A meteor lit up the skies on November 13 around 6: 30 am, Mountain Standard Time (8:31 a.m. EST or 1331 GMT).
The fireball streaked southeast and was visible across Alberta and Saskatchewan in Canada and throughout Montana, Idaho, Washington, Wyoming, and North Dakota. Many doorbell cameras, dash cameras, cell phones captured the fiery spectacle.
The American Meteor Society (AMS) logged 170 eyewitness reports describing the fireball.
“I’ve seen (and photographed) several fireballs before, but this was among the most spectacular I’ve seen. Unfortunately, I was not photographing the Taurid meteor shower this morning, so I did not get a photo of this fireball, I only saw it through a south facing window of my house,” wrote Dave R. of Alberta, Canada.
“A bright green flash was what brought it to my attention. All of a sudden I could see the road and my surroundings as if it was early/mid-morning.

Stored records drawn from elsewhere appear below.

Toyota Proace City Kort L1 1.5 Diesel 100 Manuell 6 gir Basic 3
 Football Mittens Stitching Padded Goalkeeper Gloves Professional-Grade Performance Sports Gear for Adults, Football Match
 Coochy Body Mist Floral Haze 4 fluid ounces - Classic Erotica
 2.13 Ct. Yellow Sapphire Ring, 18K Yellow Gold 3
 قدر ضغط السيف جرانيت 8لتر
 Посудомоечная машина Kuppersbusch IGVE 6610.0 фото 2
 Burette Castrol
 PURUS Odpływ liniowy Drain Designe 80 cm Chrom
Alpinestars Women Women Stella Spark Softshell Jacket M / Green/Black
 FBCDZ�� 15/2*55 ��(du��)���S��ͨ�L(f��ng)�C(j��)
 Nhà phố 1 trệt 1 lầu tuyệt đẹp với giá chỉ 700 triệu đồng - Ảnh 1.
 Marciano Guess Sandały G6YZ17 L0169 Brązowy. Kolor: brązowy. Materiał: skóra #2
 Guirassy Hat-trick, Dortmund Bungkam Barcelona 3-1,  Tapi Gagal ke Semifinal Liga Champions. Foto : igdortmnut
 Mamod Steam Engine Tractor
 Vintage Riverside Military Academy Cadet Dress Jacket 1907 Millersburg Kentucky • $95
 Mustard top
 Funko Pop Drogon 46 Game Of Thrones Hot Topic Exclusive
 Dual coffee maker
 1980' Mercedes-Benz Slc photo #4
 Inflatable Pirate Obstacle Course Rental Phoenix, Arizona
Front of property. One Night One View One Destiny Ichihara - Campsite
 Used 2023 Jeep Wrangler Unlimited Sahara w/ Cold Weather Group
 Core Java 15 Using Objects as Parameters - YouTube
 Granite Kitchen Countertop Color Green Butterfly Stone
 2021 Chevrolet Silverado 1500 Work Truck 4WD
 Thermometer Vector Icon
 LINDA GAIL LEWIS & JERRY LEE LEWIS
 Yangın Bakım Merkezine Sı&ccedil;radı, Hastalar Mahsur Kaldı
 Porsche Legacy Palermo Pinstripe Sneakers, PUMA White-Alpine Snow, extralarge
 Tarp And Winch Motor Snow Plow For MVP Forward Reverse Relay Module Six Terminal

At the end, there was a little white spec that continued on out of the train and out of sight. It started with it’s own little streak for a split second, and then was just a dot moving across the sky,” Kaitlynn D. in Corvallis, Montana wrote.
The fireball was so spectacular that it was captured from space. National Oceanic and Atmospheric Administration’s two satellites captured the meteor that burned up in the Earth’s atmosphere. The the GOES-18 spacecraft, saw the meteor with an instrument designed to detect lightning strikes. Another NOAA satellite, GOES-16, also recorded the flash using its lightning sensor.
Meteors are formed when small fragments of meteoroids plunge into Earth’s atmosphere at high speeds from space. Friction with air molecules produces heat, vaporizing most meteoroids and creating the brilliant streaks of light seen from the ground.
Meteors are formed when small fragments of meteoroids plunge into Earth’s atmosphere at high speeds from space. Friction with air molecules produces heat, vaporizing most meteoroids and creating the brilliant.
Skywatchers can expect the next Leonid meteor shower on November 16 under a bright moon which will make seeing them more difficult. Later one can observe December’s Geminid meteor shower.
(Pic courtesy: Pexels)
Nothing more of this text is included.